Carlos Alberto Calderón González (born 13 December 1943) is a Mexican retired footballer. Nicknamed "Cuate", he played as a midfielder for Guadalajara within the Liga MX and the Philadelphia Atoms for the North American Soccer League throughout the 1960s and the 1970s. He also represented Mexico internationally in 1970.

==Club career==
Finding himself within the farming system of his home club of Guadalajara, he made his senior debut for the club during the 1963–64 season against Tampico Madero, playing alongside players such as Arturo Chaires, Francisco Jara, Salvador Reyes, Guillermo Sepúlveda, José Villegas, Antonio Jasso and Héctor Hernández with his debut season seeing Chivas win their 6th national title. With each additional season within the club, Calderón earned more and more goals throughout each season to where he played a key role throughout the 1968–69 season as he was Chivas' top scorer for the 1968–69 Copa México as the club reached the semi-finals. He also had similar prominence during the 1969–70 season to where despite being a midfielder, often outperformed the club's forwards whenever given the opportunity. A particular match of the season came during the home match against América as during the 4–1 victory, Calderón scored 2 goals throughout the match.

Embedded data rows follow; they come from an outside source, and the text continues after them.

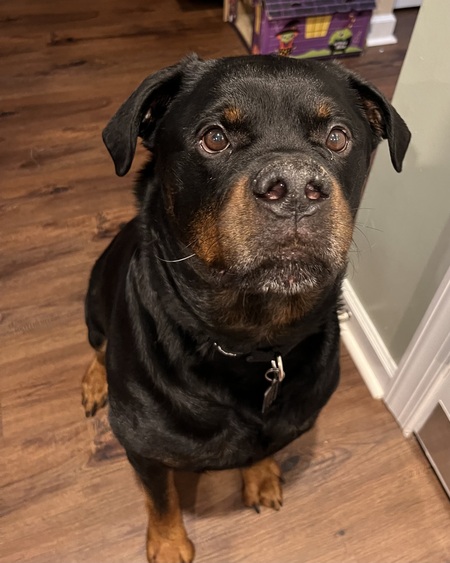 Entry image for Esko. Clicking this image will show a larger photo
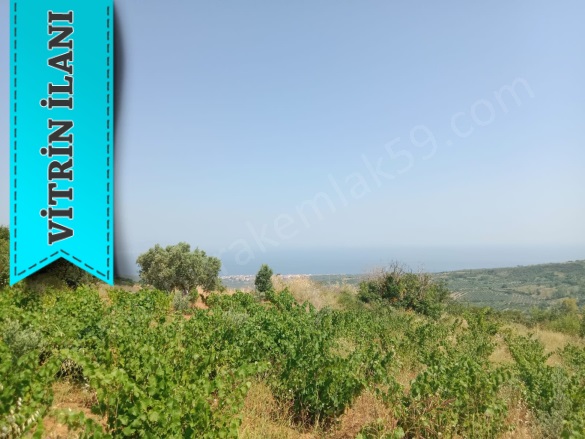 Tepeköy Mah. Şarköy Satılık Bağ |  2800M2 1.750.000Tl Resim-1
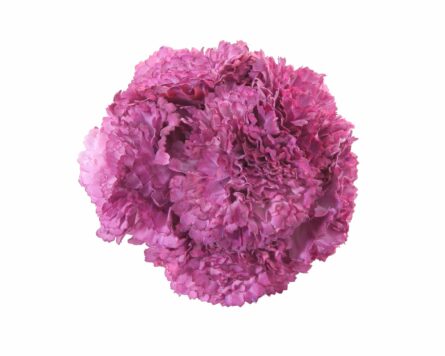 Ramillete de claveles de color Rosa Malva - Imagen 1
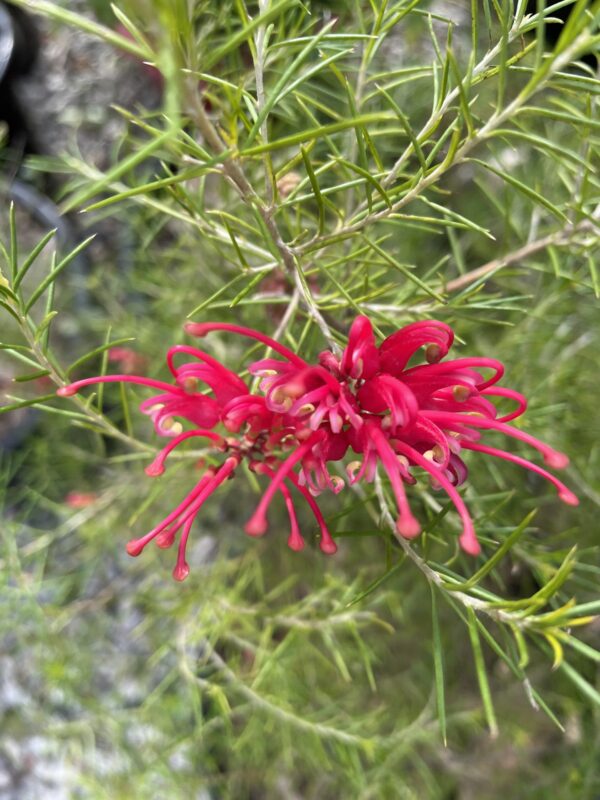 Grevillea rosmarinifolia - 'Scarlett Sprite'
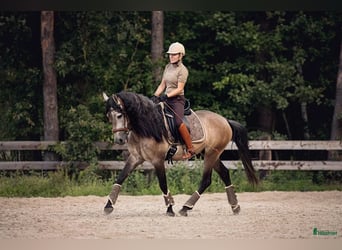 PRE, Wallach, 6 Jahre, 166 cm, Buckskin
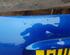 Boot (Trunk) Lid MINI Mini Cabriolet (R52)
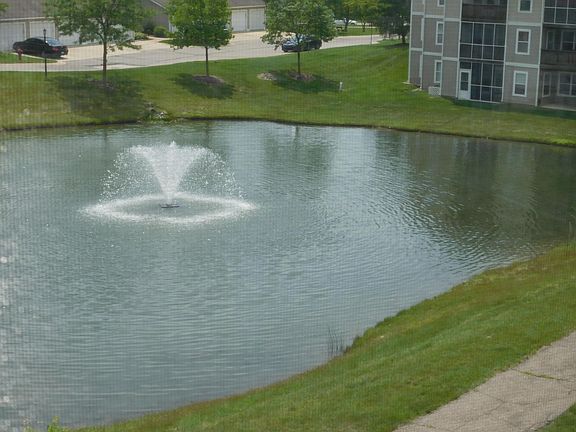 View from Balcony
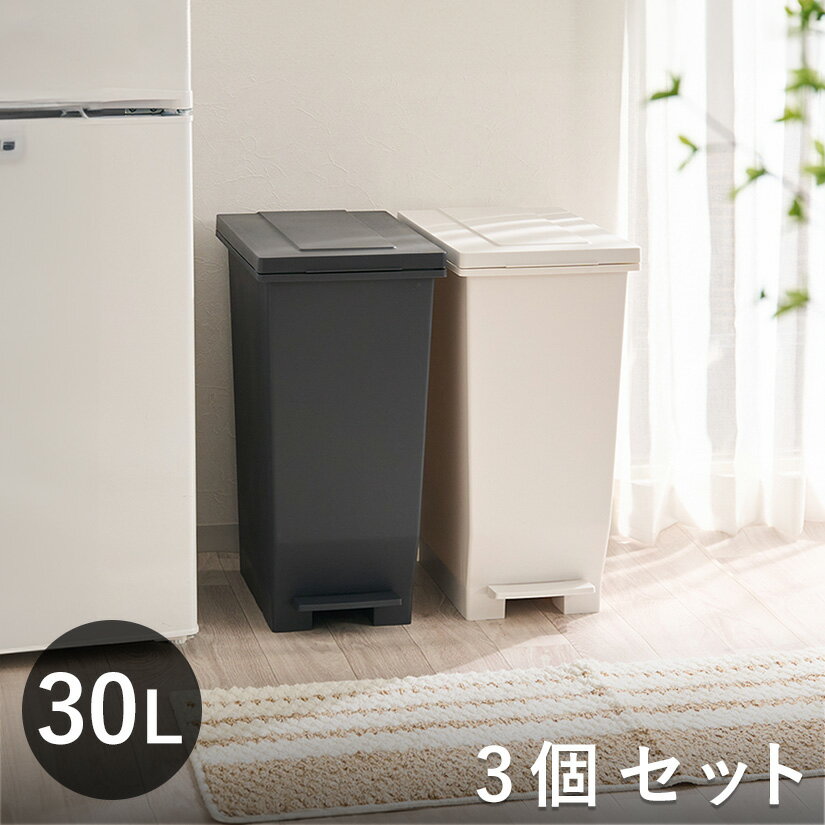 ゴミ箱 30L 3個セット エバン 密閉ペダルペール ふた付き パッキン付き EBAN ダストボックス ごみ箱 30リットル ニオイ漏れ 防止 密閉 スリム シンプル 分別 ペダル式 袋止め付き 踏みふた ペダル 臭わない dst-kup0018st3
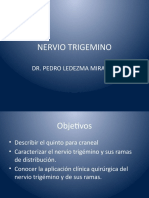 Nervio Trigemino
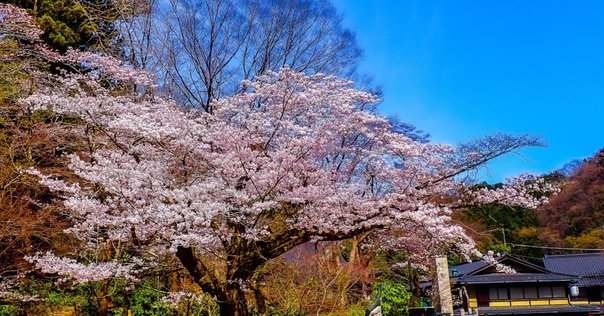 建築家の住宅論を読む＜9＞～藤森照信『昭和住宅物語』～｜大村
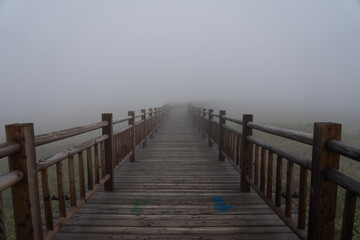 Obraz premium pier in the fog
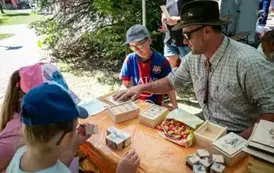 piknik006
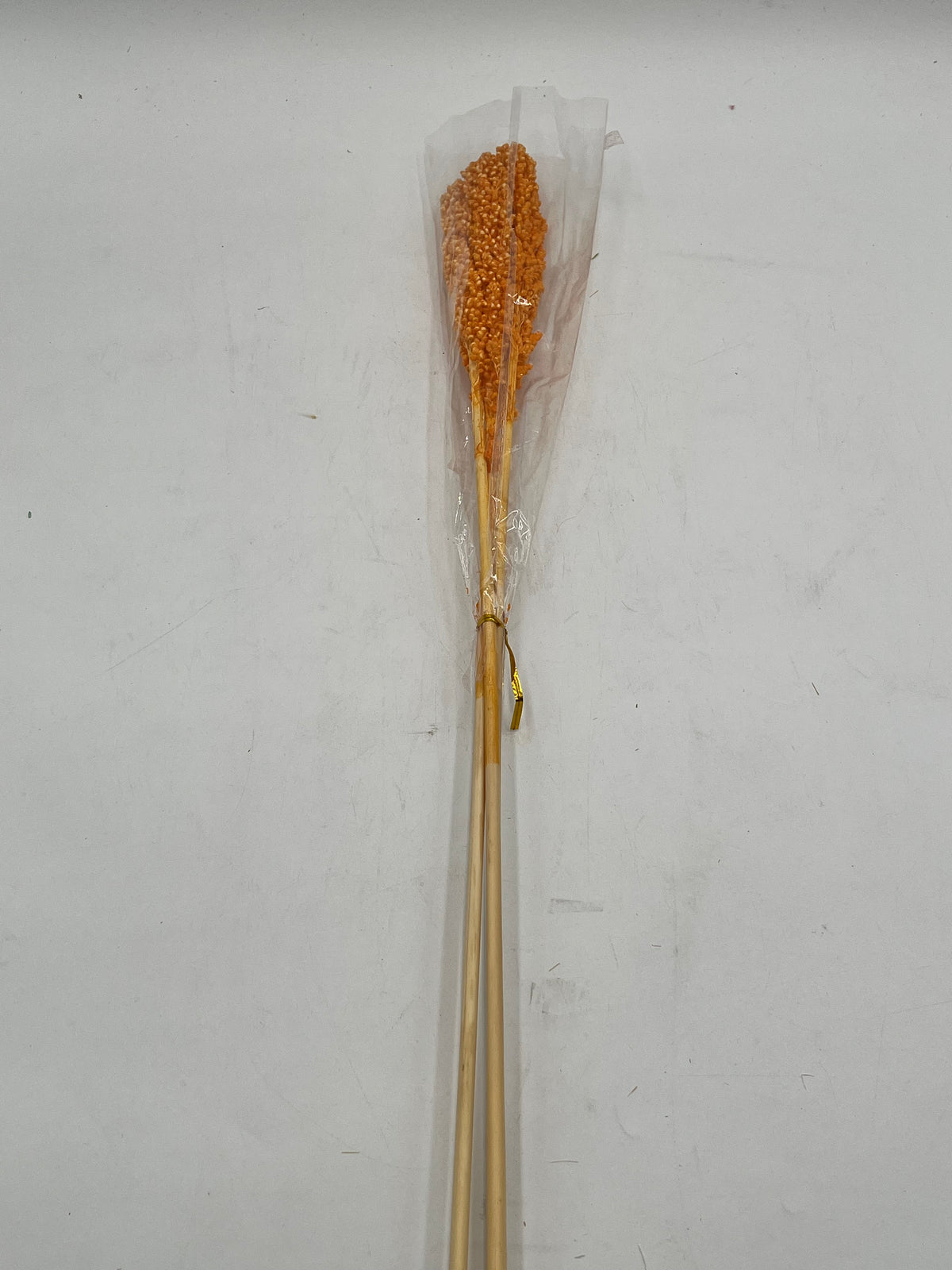 Preserved Sorghum- (Sorgo)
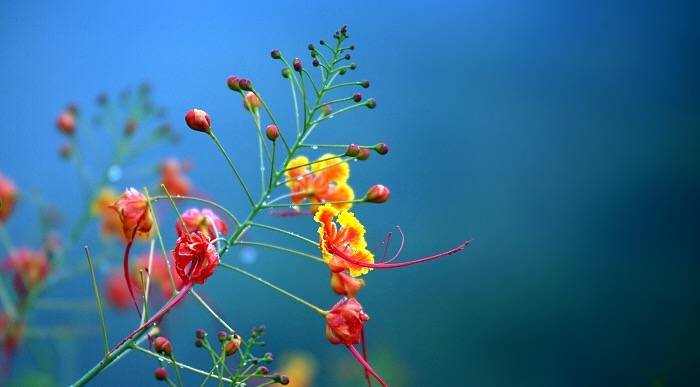 中国书画诗词院#「 林花经雨香犹在，芳草留人意自闲 … 」 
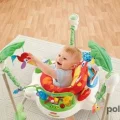 Возьмите Прыгунки Fisher-Price "Тропический лес" напрокат (Фото 5) common.inCity.yaroslavl
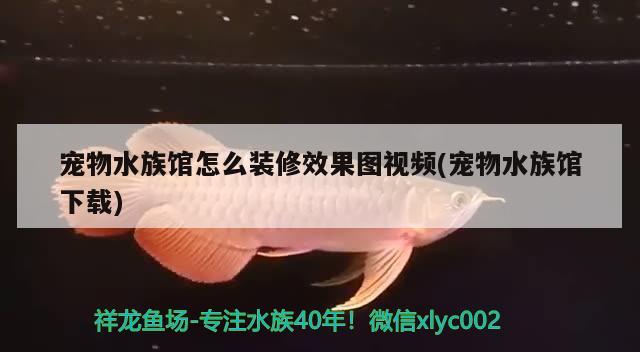 寵物水族館怎么裝修效果圖視頻(寵物水族館下載) 2024第28屆中國(guó)國(guó)際寵物水族展覽會(huì)CIPS（長(zhǎng)城寵物展2024 CIPS）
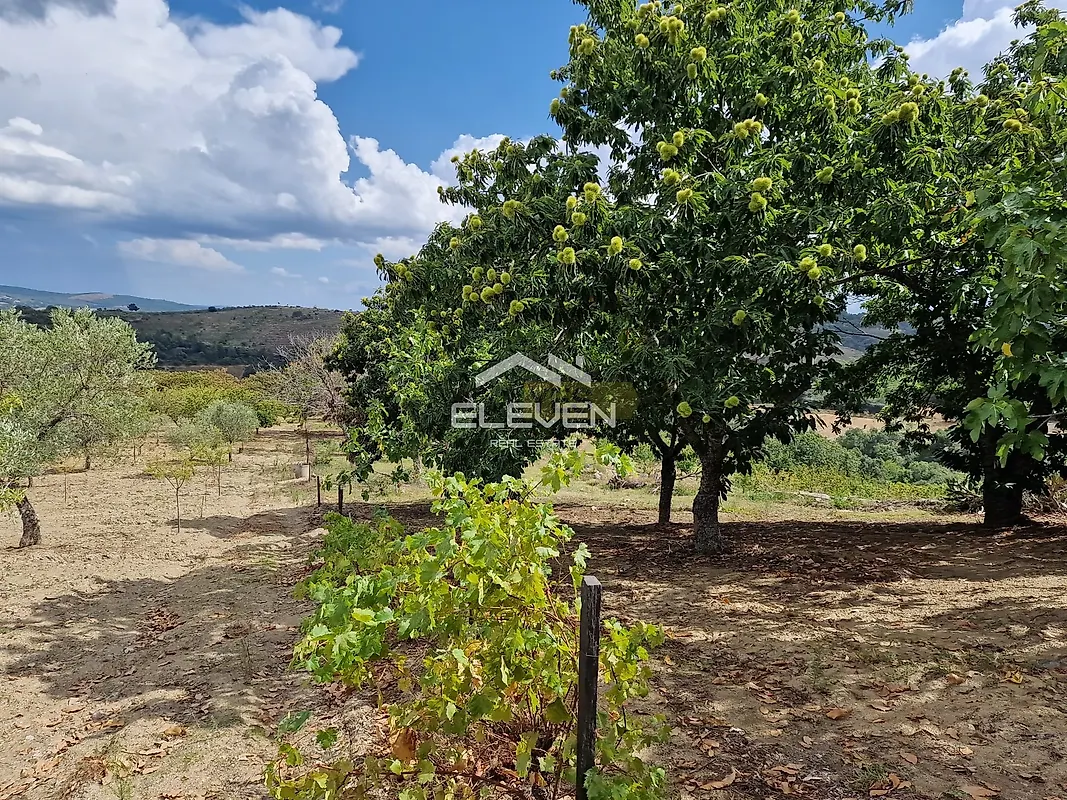 Moradia T5 à venda em Trevões e Espinhosa, São João da Pesqueira — foto 37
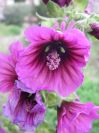 2009-04-17-103-Mallow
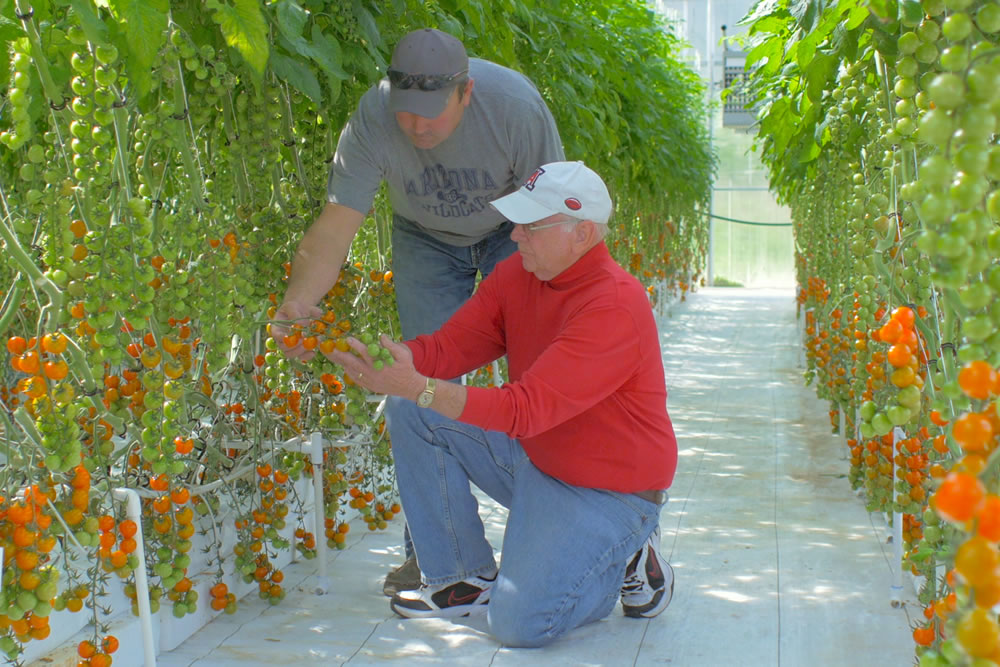 Feeding People in the Future: An Interview with Dr. Merle Jensen | Agra Tech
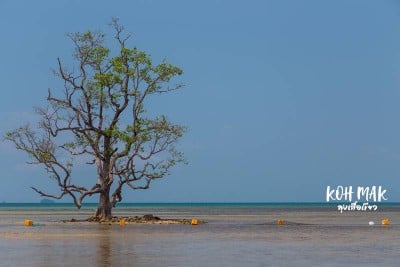 ดวลกันหมัดต่อหมัด Koh Kood vs Koh Mak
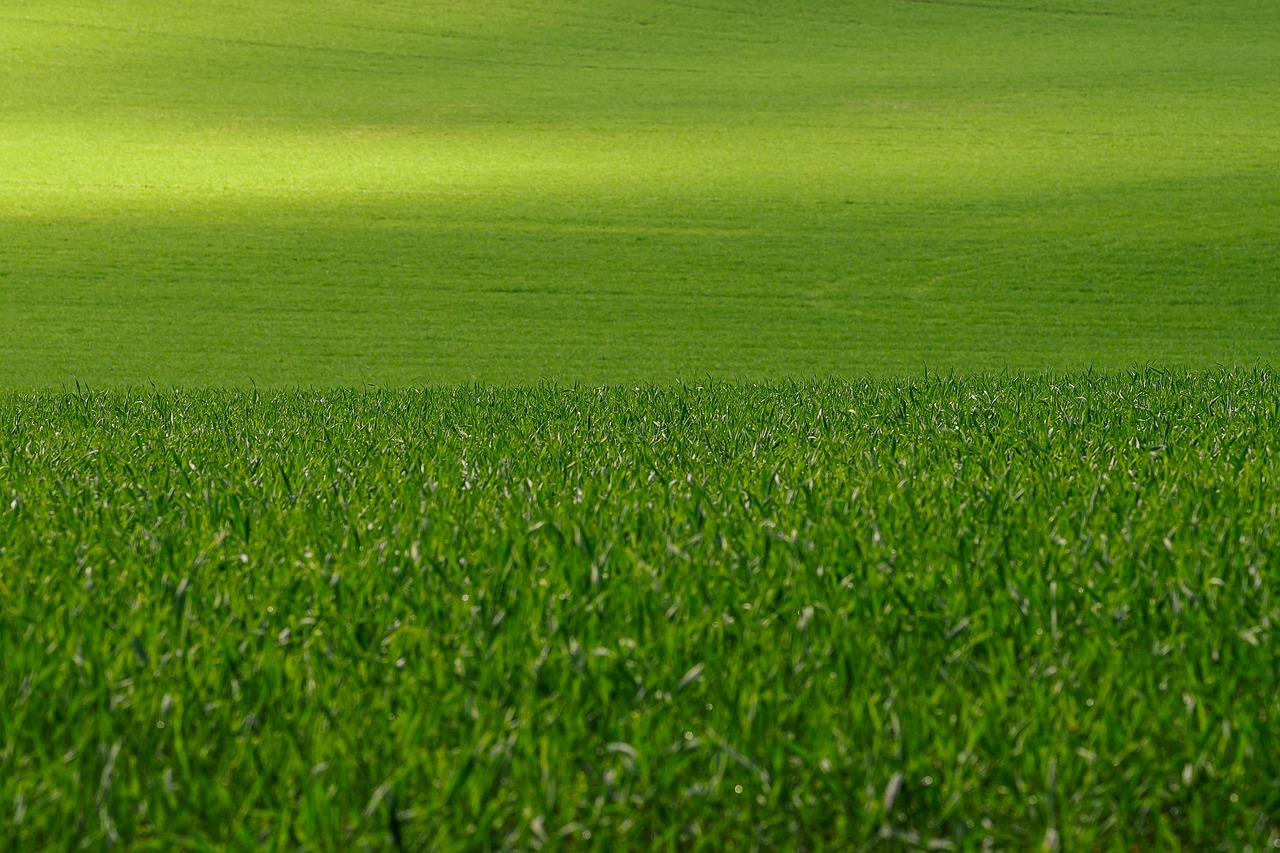 meadow, grass, wallpaper hd, lawn, free wallpaper, biotope, full hd wallpaper, 4k wallpaper, laptop wallpaper, landscape, field, mac wallpaper, cool backgrounds, beautiful wallpaper, desktop backgrounds, nature, 4k wallpaper 1920x1080, wallpaper 4k, windows wallpaper, hd wallpaper, flora, spring, free background, background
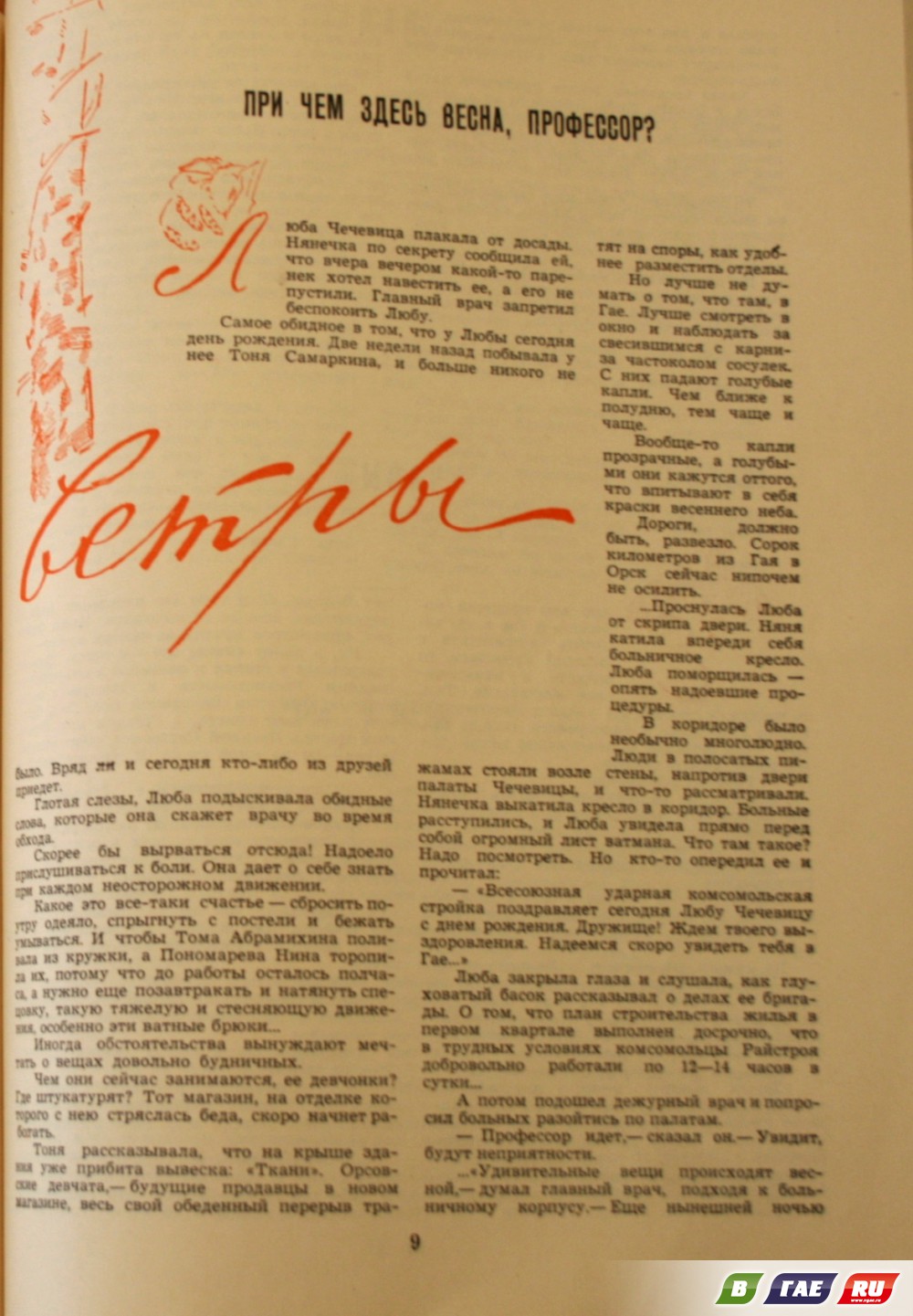Гай стоит на любви Гай стоит на любви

Calderón initially retired following the 1972–73 season. However, following the purchase of North American Soccer League club Philadelphia Atoms by a group of Mexican investors, manager Jesús Ponce Labastida sought Calderón to be within the attacking of a club that had now become predominantly composed of Mexican players. Depsite Calderón scoring a goal within four games, the club had a poor performance within the Eastern Division and folded following the season.

==International career==
Calderón made his only international appearance for Mexico in a friendly against Sweden in preparation for the upcoming 1970 FIFA World Cup. Despite being part of the preliminary roster for the tournament, he was ultimately not chosen within the final team unlike his brother.

==Personal life==
Carlos is twin brothers with Ignacio Calderón who also both played for Chivas as well as represented Mexico internationally for the 1966 and 1970 FIFA World Cup's. Throughout the early 1970s, the two were collectively known as the "Cuates" as they had earned a reputation for being crucial members of Chivas' squad at the time. However, Carlos chose not to start an acting career as he instead took interest in mountain cycling. He also works as within his dental office to provide for his faily.